In Syria, one of the festival’s most popular (and important films) is something else again — it’s an intense account of a long day’s journey in the dangerous night of life in the war torn country, all told through the perspective of one family trapped in their apartment, in a building selectively under attack. Belgian director Phillippe Van Leeuw’s film, which won the Berlin Festival’s Audience Award, manages to create a war/anti-war film with minimal direct violence but the pervasive dread and encroaching chaos in a single location but with multiple threads of dramatic tension.

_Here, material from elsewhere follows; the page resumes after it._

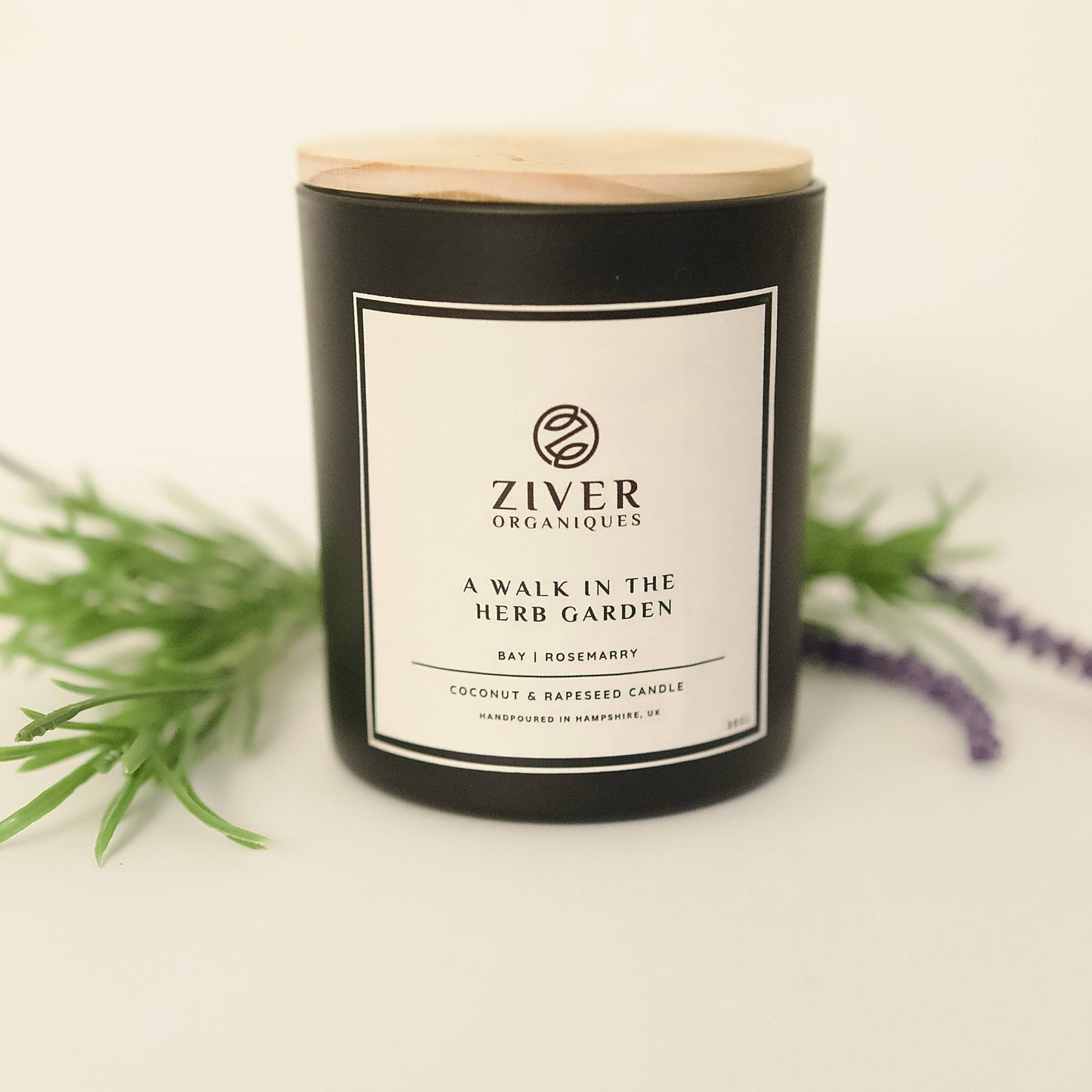 Herbal garden scented candle in glass jar on wooden table with lavender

In Syria captures the sense of urban dread and refugee crisis-launching ramifications of the Syrian conflict, but it also serves as a prime example of the resourceful power of compacting a drama into a tight space, with integrated characters filling the screen and our rapt minds. A must-see.
Finale Thumbs Up: Scary Mother is just that…and is also about that. In this stealthy-cool, deceptively slow, and snakily charming film, we are never quite clear if our troubled protagonist — writer/wife/mother (Nato Murvanidze) who seems to be unraveling before us — is actually headed down a rabbit hole of her own madness, or is just besieged by the torment of an artist desperately seeking closure on a book she’s writing. Most of the characters who read it, or parts of it, find it to be “pornography,” while a stationery shop owner/wannabe publisher thinks it a masterpiece.
Director Ana Urushadze cleverly keeps us at arm’s length from his main character and relies on some Hitchcockian ploys to keep the narrative in motion and in mystery. In a way, the enigmatic goings on of plot and character remind us of another maternally monikered film, Darren Aranofksy’s Mother!, which also stirs up matters of family and artistic excess in a strange but compelling brew.
This Estonian/Georgian film is one more on the growing list of Russian/Eastern European films in this year’s SBIFF that have impressed filmgoers as some of the finer goods on the menu. The list so far: the masterful Daybreak, Arrhythmia, The Quartette, and the aptly-named Scary Mother.